Sony's L series all-in-one PC has an active 3D screen
It isn’t too hard to appreciate how a camera with two lenses is able to record the two (left-eye and right-eye) images necessary for 3D. What’s much more difficult is designing a viewing system that ensures that each eye sees only one of those two images. Over the years countless types of stereoscopic display have been devised.
Active 3D: active shutter glasses
The most common 3D techonology is the active display, so-called because you have to wear glasses that contain active electronic circuitry. The left and right images are displayed one at a time, the hardware swapping between them in quick succession.
The active glasses have lenses which can be made transparent or opaque electronically. Circuitry in the glasses controls the lenses, swapping between left eye opaque / right eye transparent and left eye transparent / right eye opaque in rapid succession, synchronised to the swapping of the on-screen images so that each eye sees only the image intended for it.
This means the display has to show two separate images in the same time it would usually show one. Returning to our UK example, the display would have to show 50 images per second instead of 25.
Active displays work by displaying left and right images alternately and must be used with special glasses containing built in electronics.
Passive 3D: passive glasses
The next most common 3D technology is the passive display.
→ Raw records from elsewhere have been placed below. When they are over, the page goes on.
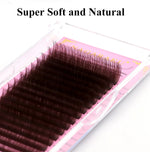 NAGARAKU Brown Eyelashes Individual Eyelash Makeup 16 Lines Brown Color High Quality Super Soft Natural Synthetic Mink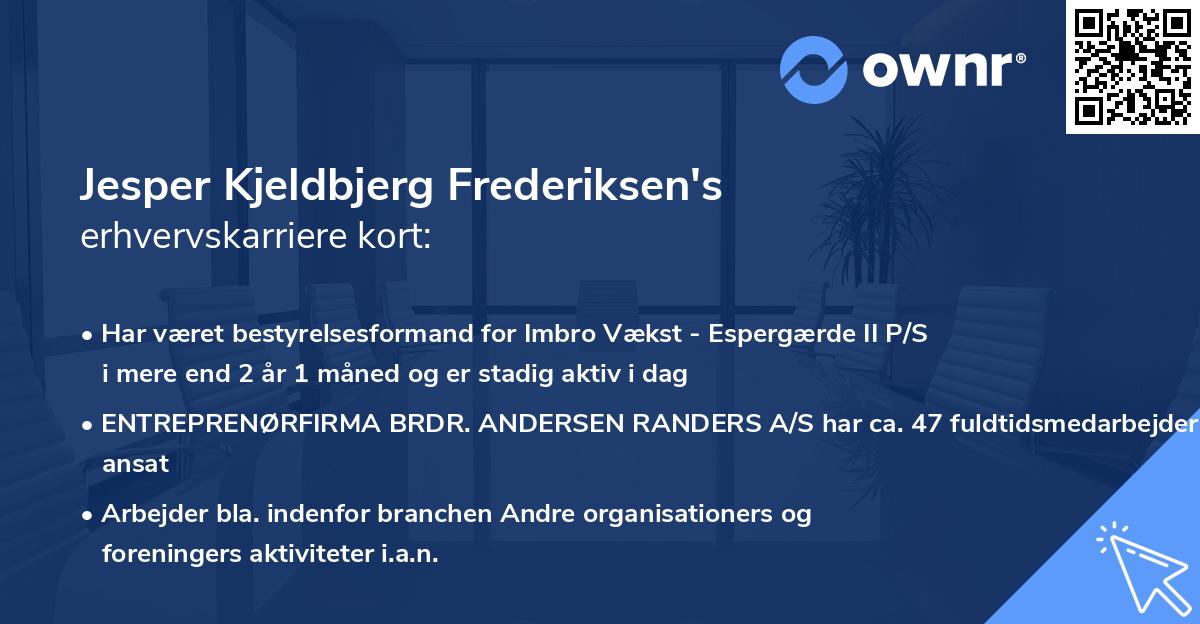Jesper Kjeldbjerg Frederiksen's erhvervskarriere kort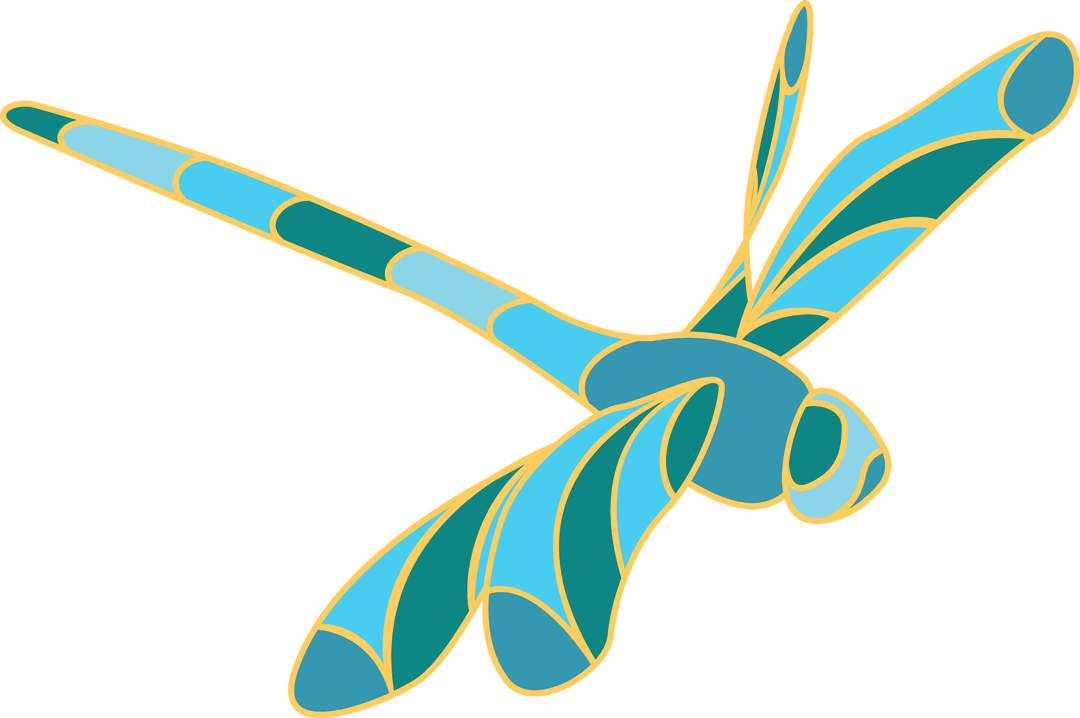Colorful Abstract Dragonfly Illustration with Transparent Background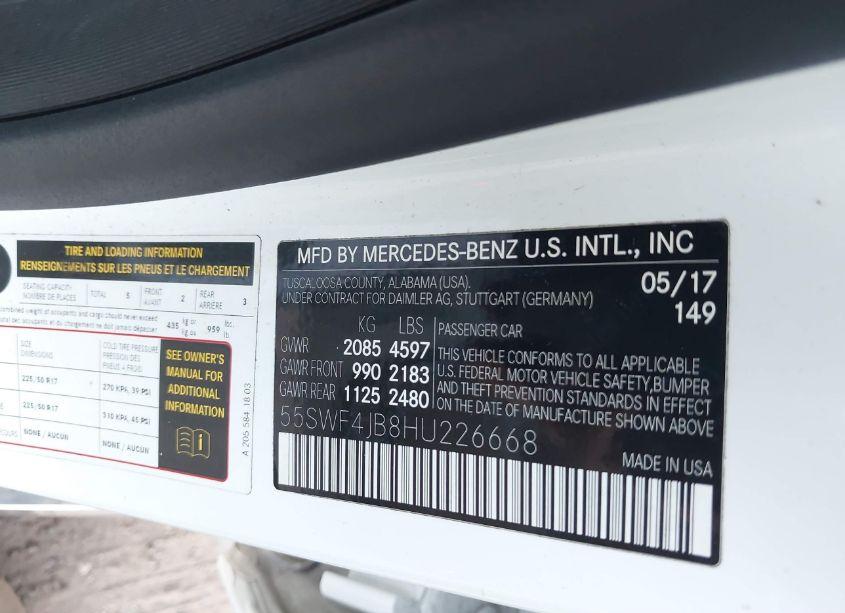 Photo 9 of 2017 Mercedes-benz C 300 LUXURY/SPORT (VIN 55SWF4JB8HU226668)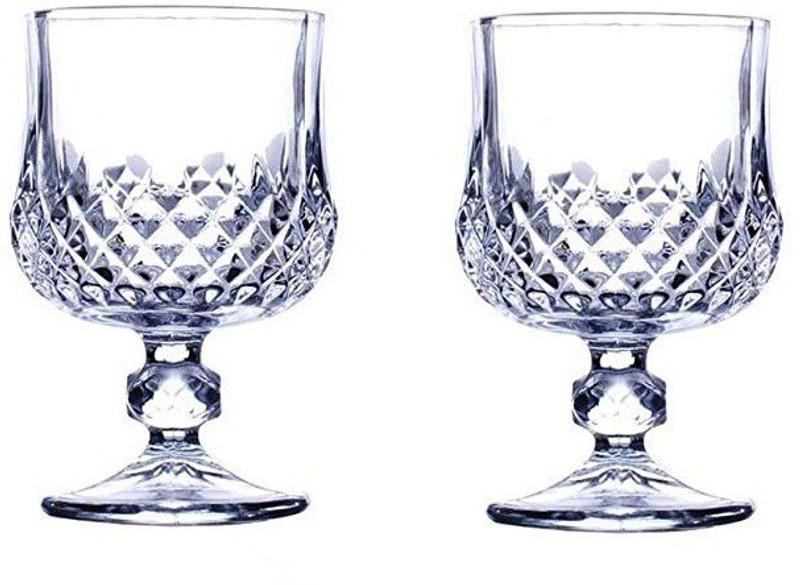 snowworld (Pack of 2) Wine Glass & Brandy Glass, Red Wine Glass for Everyday use - 210 ml, Crystal Glass (Set of 2) Glass Set Beer Glass(210 ml, Glass, Clear)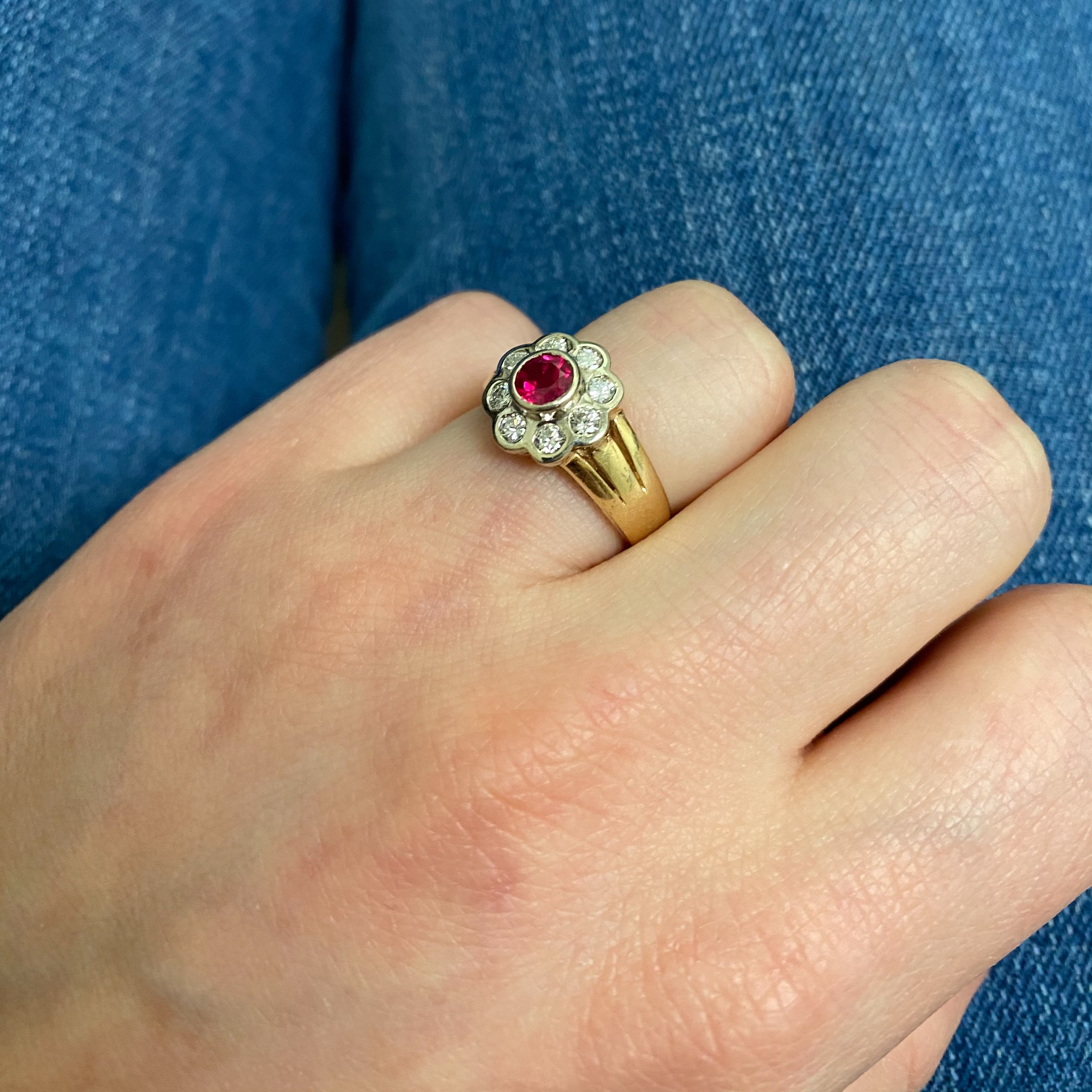 Bezel Set Floral Ruby Ring | 0.40ctw, 0.50ct | SZ 6 |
Rather than interleaving the two images in time, they’re interleaved in space. In other words, a single image is composed of horizontal lines from both the left and right stereo images which are displayed alternately down the screen.
Immediately in front of the screen’s LCD panel is a polarising filter which is made up of alternate horizontal strips of right-hand and left-hand polarising material that line up with the horizontal stripes of the image. This means that the stripes of one of the images becomes left-polarised and those from the other are right-polarised. The passive 3D glasses (they don’t contain any electronic circuitry) used with this sort of display also contains left-hand and right-hand polarising filters, one over each eye.
A left-polarising filter will allow left-polarised light to pass but not right-polarised light and vice versa, which is how each eye will see just one of the images. The drawback with this method is that the horizontal resolution is halved: a full HD screen using passive 3D can show only 540 'lines' from each 1920 x 1080 pixel image.
It's possible that a better-equipped monitor with twice the vertical resolution could overcome this limitation, but none exist in the shops today. On the plus side, passive glasses are also a lot less expensive (a few pounds) than active ones (that cost upwards of £50 per pair) and are slimmer and lighter.
Passive displays work by displaying left and right images in alternate stripe and are used with glasses containing polarising filters.
Glasses-free 3D screens
The third technology, which is surely going to become more popular in future is the auto-stereoscopic screen, or 'glasses-free 3D'. This means that no viewing aid such as glasses has to be used. Nintendo's 3DS is probably the most common device used today with a 3D screen that doesn't require special glasses.
As with passive 3D displays, the two images are interleaved on the screen as thin stripes but in this case vertical ones, not horizontal. Instead of the polarising filter, though, there's something called a lenticular sheet in front of the screen which is comprised of thin vertical cylindrical lenses that cause the alternate stripes of the two images to be directed left and right towards the eye they are intended for.
Apart from the halving of the vertical resolution, the main disadvantage is that the 3D effect is visible only for a narrow range of viewing positions. For a TV that’s going to be viewed by several people this is a show-stopper. However, lenticular monitors and laptops are available to buy.